A law lecturer and former Northern Ireland civil rights activist has been found guilty of fraud in Portugal and sentenced to nine years' imprisonment, writes Carol Coulter.
David Lowry, who has been in custody for two years, has said he is appealing against the verdict and sentence.
His lawyers are also appealing to the European Court of Human Rights in Strasbourg, on the grounds that he has no effective remedy in Portugal against unfair trial and appeals procedures, of discrimination as a foreigner, and suffering "inhuman and degrading" conditions in prison.
Lowry was found guilty of "aggravated fraud, criminal association, forgery and unauthorised creation of a data base".

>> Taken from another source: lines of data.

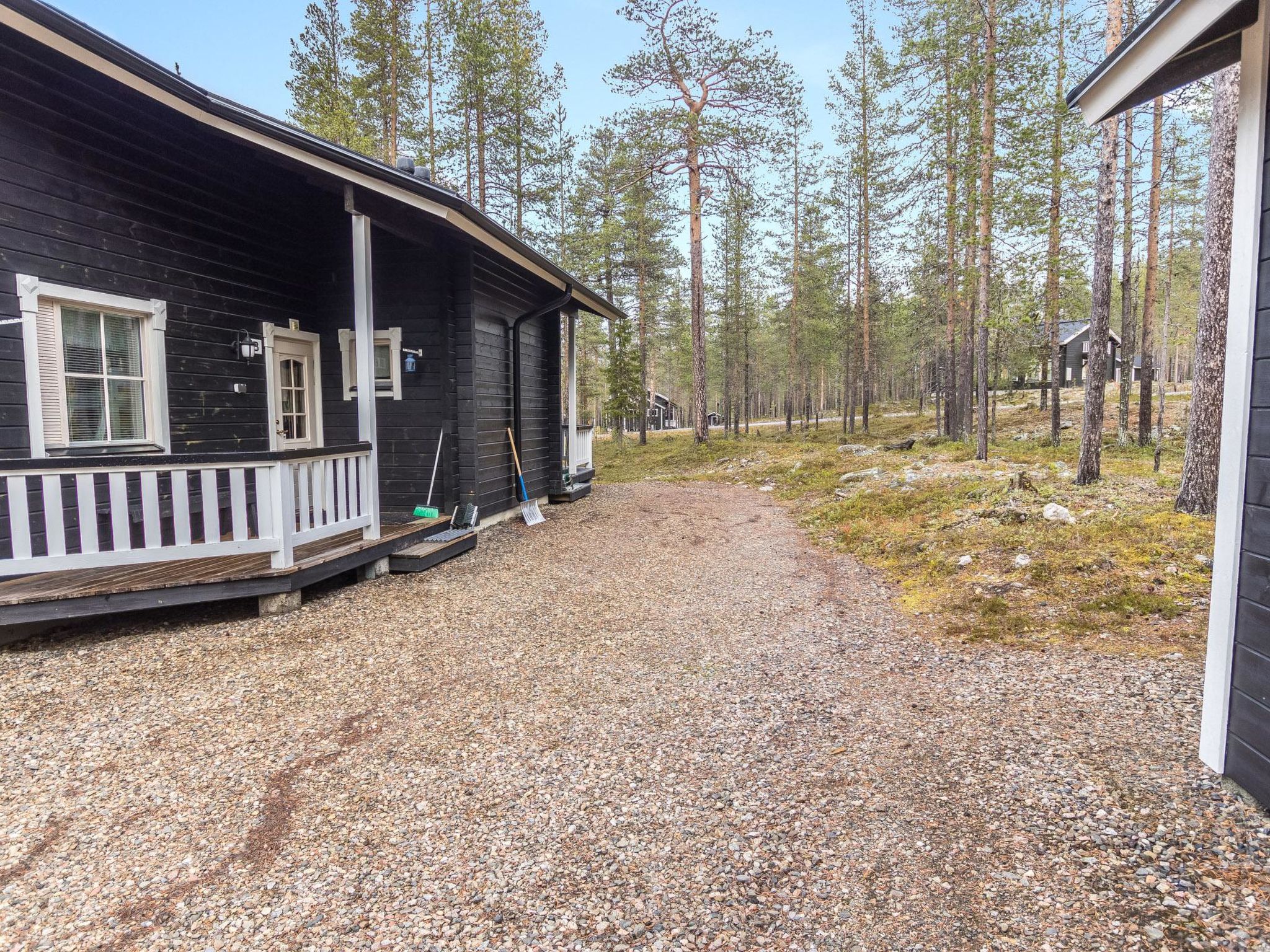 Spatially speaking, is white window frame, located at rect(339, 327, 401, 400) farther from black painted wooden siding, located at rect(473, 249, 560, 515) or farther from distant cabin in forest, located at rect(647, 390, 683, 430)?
distant cabin in forest, located at rect(647, 390, 683, 430)

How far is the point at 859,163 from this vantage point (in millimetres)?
18859

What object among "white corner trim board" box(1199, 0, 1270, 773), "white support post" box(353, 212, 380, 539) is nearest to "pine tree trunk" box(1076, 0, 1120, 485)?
"white corner trim board" box(1199, 0, 1270, 773)

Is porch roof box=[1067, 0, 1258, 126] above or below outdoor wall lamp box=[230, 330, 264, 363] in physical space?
above

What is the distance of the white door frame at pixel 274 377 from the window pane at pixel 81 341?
60.8 inches

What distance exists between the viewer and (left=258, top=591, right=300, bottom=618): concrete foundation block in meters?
4.55

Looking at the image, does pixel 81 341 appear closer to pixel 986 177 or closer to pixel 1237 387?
pixel 1237 387

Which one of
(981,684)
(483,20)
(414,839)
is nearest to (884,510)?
(981,684)

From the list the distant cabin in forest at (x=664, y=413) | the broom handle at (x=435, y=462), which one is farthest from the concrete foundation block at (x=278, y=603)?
the distant cabin in forest at (x=664, y=413)

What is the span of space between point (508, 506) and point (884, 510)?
5042 millimetres

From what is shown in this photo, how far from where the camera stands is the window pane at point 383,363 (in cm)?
714

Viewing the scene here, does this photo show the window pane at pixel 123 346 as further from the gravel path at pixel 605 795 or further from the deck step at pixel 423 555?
the deck step at pixel 423 555

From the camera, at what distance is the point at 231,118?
14.9 feet

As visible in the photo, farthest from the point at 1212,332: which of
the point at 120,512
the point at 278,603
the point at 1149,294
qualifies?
the point at 1149,294

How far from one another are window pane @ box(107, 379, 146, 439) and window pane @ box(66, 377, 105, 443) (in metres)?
0.08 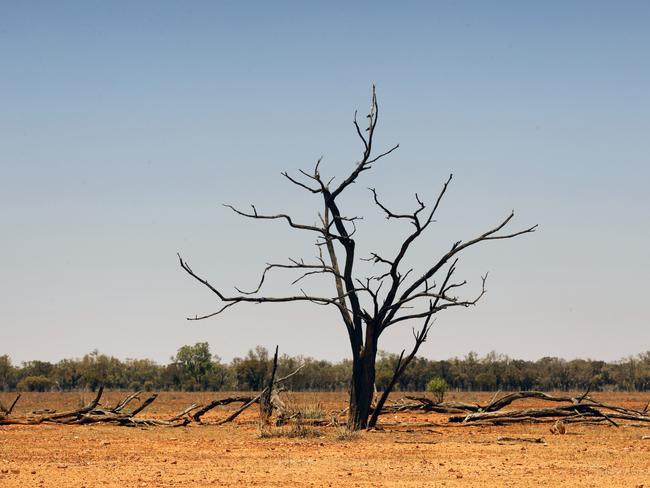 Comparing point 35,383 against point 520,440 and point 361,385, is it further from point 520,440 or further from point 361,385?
point 520,440

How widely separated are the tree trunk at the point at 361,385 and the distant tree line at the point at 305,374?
40.6 m

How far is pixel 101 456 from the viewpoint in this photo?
1591 centimetres

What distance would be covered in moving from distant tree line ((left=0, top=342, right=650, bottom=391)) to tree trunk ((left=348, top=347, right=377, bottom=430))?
40.6 m

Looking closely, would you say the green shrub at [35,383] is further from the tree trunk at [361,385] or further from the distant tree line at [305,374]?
the tree trunk at [361,385]

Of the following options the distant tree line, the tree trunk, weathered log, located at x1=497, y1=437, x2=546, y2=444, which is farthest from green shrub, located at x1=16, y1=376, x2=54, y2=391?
weathered log, located at x1=497, y1=437, x2=546, y2=444

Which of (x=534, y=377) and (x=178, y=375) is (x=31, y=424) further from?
(x=534, y=377)

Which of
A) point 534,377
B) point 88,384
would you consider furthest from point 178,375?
point 534,377

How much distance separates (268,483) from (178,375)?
55989 mm

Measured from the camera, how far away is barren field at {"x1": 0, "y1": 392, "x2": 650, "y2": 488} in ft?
42.3

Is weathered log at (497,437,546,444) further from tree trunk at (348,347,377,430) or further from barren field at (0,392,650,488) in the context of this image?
tree trunk at (348,347,377,430)

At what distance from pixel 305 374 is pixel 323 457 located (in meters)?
55.3

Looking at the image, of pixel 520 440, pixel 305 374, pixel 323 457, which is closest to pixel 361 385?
pixel 520 440

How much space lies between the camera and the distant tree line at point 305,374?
6519cm

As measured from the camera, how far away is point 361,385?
66.8 ft
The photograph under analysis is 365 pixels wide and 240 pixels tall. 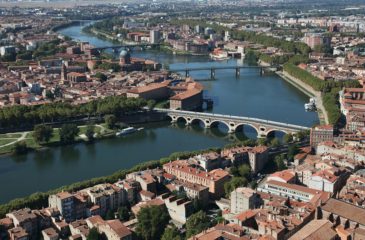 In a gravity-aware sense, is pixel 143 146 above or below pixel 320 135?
below

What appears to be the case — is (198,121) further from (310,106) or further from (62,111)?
(62,111)

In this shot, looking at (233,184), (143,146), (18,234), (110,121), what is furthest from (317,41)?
(18,234)

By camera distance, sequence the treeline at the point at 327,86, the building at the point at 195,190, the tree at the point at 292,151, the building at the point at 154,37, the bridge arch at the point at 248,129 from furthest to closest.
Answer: the building at the point at 154,37, the treeline at the point at 327,86, the bridge arch at the point at 248,129, the tree at the point at 292,151, the building at the point at 195,190

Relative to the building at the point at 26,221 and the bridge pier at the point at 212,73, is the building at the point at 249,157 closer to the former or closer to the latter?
the building at the point at 26,221

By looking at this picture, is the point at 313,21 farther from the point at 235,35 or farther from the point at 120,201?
the point at 120,201

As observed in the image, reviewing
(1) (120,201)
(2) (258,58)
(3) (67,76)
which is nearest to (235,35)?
(2) (258,58)

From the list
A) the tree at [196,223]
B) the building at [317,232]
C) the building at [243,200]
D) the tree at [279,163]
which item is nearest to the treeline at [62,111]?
the tree at [279,163]

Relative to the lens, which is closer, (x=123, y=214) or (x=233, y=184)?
(x=123, y=214)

The Liverpool-born lawyer studied in Belfast and lectured in Britain before moving to the US, where he taught business law and acted as an adviser to the FBI on white collar crime.
In Portugal he operated a telemarketing business, selling international shares, until his arrest in April 1997.
Ms Gudrun Parasie, director of the European Legal Advice Service, which has been assisting Lowry with his defence, said: "I have just returned from Portugal. I am still shell-shocked, having witnessed a distinguished academic of previous good character being turned into a criminal by a fundamentally flawed justice system, a remnant of the fascist dictatorship of Antonio Salazar".
Ms Parasie said Lowry was sentenced not only for crimes he allegedly committed but his work assisting the FBI to solve white collar crime had given him, according to the court, a "criminal mind" capable of committing great crimes in the future.
She said Lowry had only 10 days to appeal, including translating a very lengthy judgment.